Review: Welcome to Me

Published

Generally, when an actor portrays someone with mental health issues, it’s accepted as Oscar bait. The actor is trying to win Best Actor. They’re often not actually the best actor that year, but they’ve left their comfort zone, which is often enough to garner at least a nomination. Julianne Moore won this year for playing someone with early onset Alzheimer’s in Still Alice. Sean Penn was nominated in 2001 for I Am Sam. Penn’s Sam, the titular character, is a “mentally handicapped man,” according to the Internet Movie Database’s synopsis.

This is what’s so surprising and amazing and refreshing about Kristen Wiig in Welcome to Me. Wiig plays Alice Kleig, a woman suffering from borderline personality disorder, who wins $86 million in the lottery, stops taking her medication, and spends $15 million of her winnings to start her own talk show with a production company that specializes in 90s-style infomercials, the title of which is also the title of the movie.
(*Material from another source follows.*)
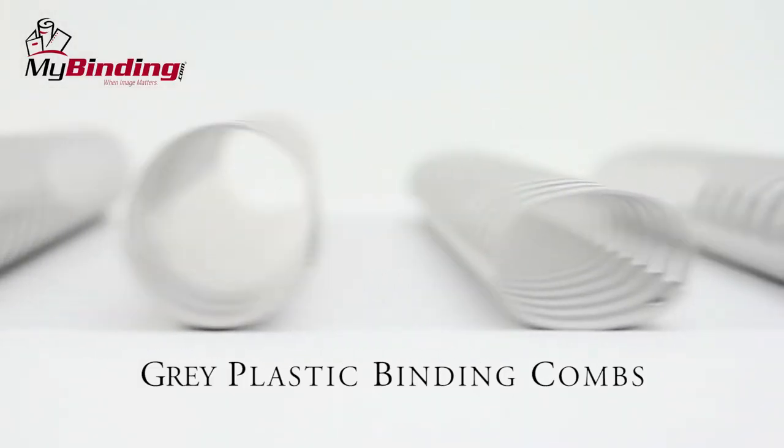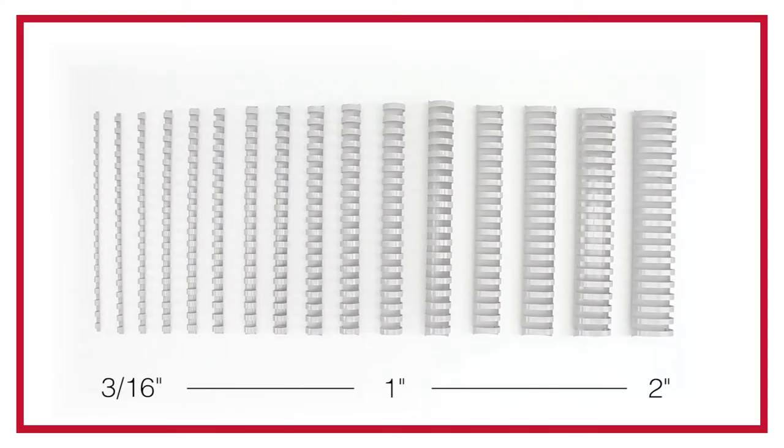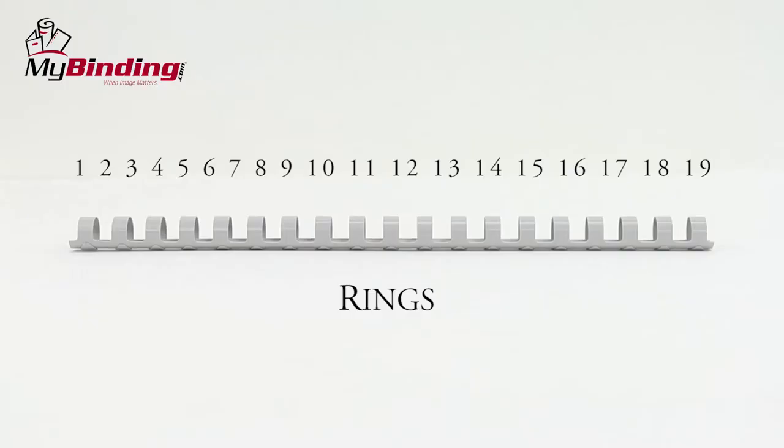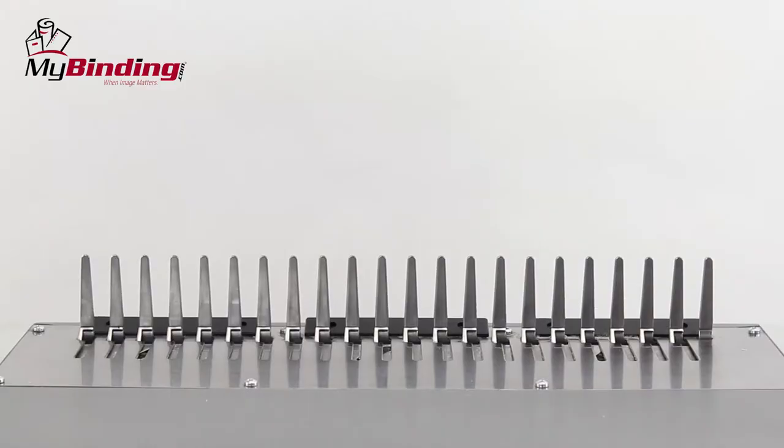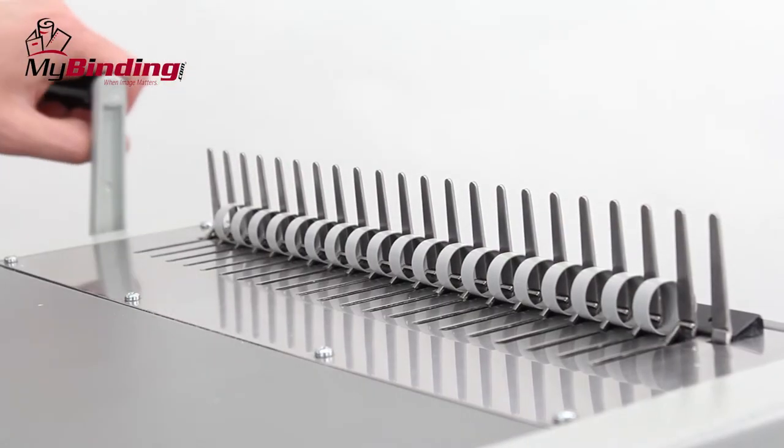Here at MyBinding.com, we have a wide variety of gray comb sizes. Ranging from 3/16ths of an inch to 2 inches, there's a comb for any size project. The 19-hole punch pattern is compatible to fit any standard comb binding machine. Made for standard 8.5x11 paper, these gray combs should look great on any of your projects.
Wiig will not win an Oscar for Welcome to Me. It’s too small a film, making the rounds at festivals — it premiered at the Toronto International Film Festival LAST September — and not really winning anything, other than attention and praise for Wiig. It was just wide-released in the United States on May 1.

It is the definition of a dark comedy, pulling laughs out of subject matter usually considered too taboo to laugh at. It works because of the lottery conceit. Instead of making us laugh at Alice Kleig’s illness, the film shows how her money gives her extreme agency. She spends her way into having her own talk show, where she works out her deep emotional and psychological issues live on TV.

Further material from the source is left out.